Irgendeinen Anlass, wegen ganz besonderer Einzelfallumstände des vorliegenden Falls an der Richtigkeit der gewonnenen Einschätzung, wonach es der Beschwerdeführerin zumutbar ist, mit der Geltendmachung eines potentiellen Rückforderungsanspruchs bis zur Entscheidung in der Hauptsache abzuwarten mit der Folge, dass für die Beschwerde das Rechtsschutzbedürfnis entfallen ist, zu zweifeln, ist für den Senat nicht erkennbar.

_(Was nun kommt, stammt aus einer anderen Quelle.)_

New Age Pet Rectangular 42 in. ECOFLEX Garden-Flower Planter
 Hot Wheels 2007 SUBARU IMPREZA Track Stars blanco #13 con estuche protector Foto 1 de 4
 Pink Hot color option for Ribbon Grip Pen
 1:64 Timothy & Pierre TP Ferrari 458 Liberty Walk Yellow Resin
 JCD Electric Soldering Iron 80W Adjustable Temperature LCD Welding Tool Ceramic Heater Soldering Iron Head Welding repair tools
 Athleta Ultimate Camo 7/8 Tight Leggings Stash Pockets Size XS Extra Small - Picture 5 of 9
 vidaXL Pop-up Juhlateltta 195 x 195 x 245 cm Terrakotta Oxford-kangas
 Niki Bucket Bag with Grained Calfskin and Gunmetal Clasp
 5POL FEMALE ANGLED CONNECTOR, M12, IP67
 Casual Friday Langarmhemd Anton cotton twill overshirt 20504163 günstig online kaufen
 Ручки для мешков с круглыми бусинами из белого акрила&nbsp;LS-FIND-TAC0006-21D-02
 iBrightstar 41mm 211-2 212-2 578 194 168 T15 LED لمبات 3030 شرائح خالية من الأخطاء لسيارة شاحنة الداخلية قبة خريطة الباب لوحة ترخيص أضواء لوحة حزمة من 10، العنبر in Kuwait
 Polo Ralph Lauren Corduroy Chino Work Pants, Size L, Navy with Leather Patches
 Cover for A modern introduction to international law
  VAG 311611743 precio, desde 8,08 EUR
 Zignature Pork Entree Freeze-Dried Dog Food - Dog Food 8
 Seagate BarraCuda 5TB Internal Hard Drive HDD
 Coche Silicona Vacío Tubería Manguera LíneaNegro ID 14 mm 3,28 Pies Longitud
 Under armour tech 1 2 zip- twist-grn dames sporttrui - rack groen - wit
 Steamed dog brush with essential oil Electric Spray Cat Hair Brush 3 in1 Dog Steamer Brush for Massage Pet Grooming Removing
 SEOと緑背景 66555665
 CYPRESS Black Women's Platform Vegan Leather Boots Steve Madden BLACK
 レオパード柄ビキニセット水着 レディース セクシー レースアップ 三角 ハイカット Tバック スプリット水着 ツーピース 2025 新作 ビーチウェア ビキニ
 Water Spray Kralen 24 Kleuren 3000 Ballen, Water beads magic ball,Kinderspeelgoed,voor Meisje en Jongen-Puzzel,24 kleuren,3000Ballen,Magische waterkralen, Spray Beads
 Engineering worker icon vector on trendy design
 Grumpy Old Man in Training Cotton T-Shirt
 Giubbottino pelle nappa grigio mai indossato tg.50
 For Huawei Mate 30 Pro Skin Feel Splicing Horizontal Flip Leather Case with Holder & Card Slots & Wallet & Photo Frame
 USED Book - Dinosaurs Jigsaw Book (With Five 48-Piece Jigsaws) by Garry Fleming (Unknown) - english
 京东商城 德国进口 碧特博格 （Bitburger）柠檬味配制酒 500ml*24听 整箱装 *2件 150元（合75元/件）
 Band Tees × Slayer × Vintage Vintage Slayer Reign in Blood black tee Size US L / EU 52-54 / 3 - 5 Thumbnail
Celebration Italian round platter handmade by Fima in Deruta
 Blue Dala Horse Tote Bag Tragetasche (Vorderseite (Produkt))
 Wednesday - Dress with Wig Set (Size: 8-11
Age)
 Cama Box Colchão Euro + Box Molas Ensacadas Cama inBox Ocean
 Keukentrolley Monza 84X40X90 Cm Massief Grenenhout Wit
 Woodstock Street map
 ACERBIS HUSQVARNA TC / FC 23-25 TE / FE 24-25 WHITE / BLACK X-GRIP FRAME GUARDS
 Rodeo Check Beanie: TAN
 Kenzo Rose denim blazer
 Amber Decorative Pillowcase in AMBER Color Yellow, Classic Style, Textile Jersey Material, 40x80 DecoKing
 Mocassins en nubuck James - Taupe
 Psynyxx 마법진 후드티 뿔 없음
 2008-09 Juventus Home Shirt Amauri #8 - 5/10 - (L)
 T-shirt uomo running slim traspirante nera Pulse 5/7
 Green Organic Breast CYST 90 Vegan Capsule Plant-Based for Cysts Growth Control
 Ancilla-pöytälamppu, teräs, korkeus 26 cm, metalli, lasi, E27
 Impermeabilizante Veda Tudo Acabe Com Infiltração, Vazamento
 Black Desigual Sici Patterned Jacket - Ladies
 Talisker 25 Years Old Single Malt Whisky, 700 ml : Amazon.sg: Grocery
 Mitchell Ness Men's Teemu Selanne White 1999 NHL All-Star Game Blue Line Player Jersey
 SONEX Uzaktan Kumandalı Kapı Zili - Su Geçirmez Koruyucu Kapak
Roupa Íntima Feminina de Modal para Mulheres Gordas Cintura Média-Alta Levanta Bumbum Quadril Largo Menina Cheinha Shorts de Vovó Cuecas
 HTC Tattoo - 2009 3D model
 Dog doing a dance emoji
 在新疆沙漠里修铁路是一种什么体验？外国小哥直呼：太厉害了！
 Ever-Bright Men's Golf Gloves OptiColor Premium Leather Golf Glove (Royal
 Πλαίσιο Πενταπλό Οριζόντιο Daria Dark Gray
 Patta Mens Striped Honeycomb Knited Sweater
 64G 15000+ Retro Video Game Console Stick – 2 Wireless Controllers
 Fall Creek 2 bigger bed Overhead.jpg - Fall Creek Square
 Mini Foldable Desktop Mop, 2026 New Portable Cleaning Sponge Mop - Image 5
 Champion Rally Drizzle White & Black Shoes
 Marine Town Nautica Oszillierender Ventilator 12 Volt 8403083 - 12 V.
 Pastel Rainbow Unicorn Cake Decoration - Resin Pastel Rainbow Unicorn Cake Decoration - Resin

Lediglich der Vollständigkeit halber und um etwaige Missverständnisse zu vermeiden weist der Senat auf Folgendes hin:
* Um einen Anreiz für ein gesetzeswidriges Verhalten nicht entstehen zu lassen, müsste das Rechtsschutzbedürfnis für die Beschwerde auch dann verneint werden, wenn ein beschwerdeführender Leistungsträger – anders als im vorliegenden Fall – unter Missachtung der gesetzlich angeordneten sofortigen Vollziehbarkeit einer vom SG erlassenen Regelungsanordnung Leistungen nicht erbracht hätte (so auch Bayer. LSG, Beschluss vom 25.06.2018, L 8 SO 49/18 B ER).
* Eine Entscheidung zu einem früheren Zeitpunkt, als sie der Senat getroffen hat, ist im vorliegenden Verfahren bereits aus Gründen der Gewährung rechtlichen Gehörs nicht möglich gewesen. Ganz abgesehen davon, dass die Antragsgegnerin und Beschwerdeführerin gegen den am 05.02.2021 zugestellten Beschluss erst am 01.03.2021 Beschwerde eingelegt hat und damit selbst bereits eine Ursache dafür gesetzt hat, dass bis zum Ende des streitgegenständlichen Leistungszeitraums nicht unwesentlich weniger Zeit verblieben ist, als dies bei einer umgehenden Einlegung der Beschwerde der Fall gewesen wäre, war der Senat auch gehalten, zur Gewährung rechtlichen Gehörs die jeweiligen Äußerungen der Beteiligten der Gegenseite zur Kenntnis zu bringen und die Möglichkeit zur Stellungnahme zu eröffnen.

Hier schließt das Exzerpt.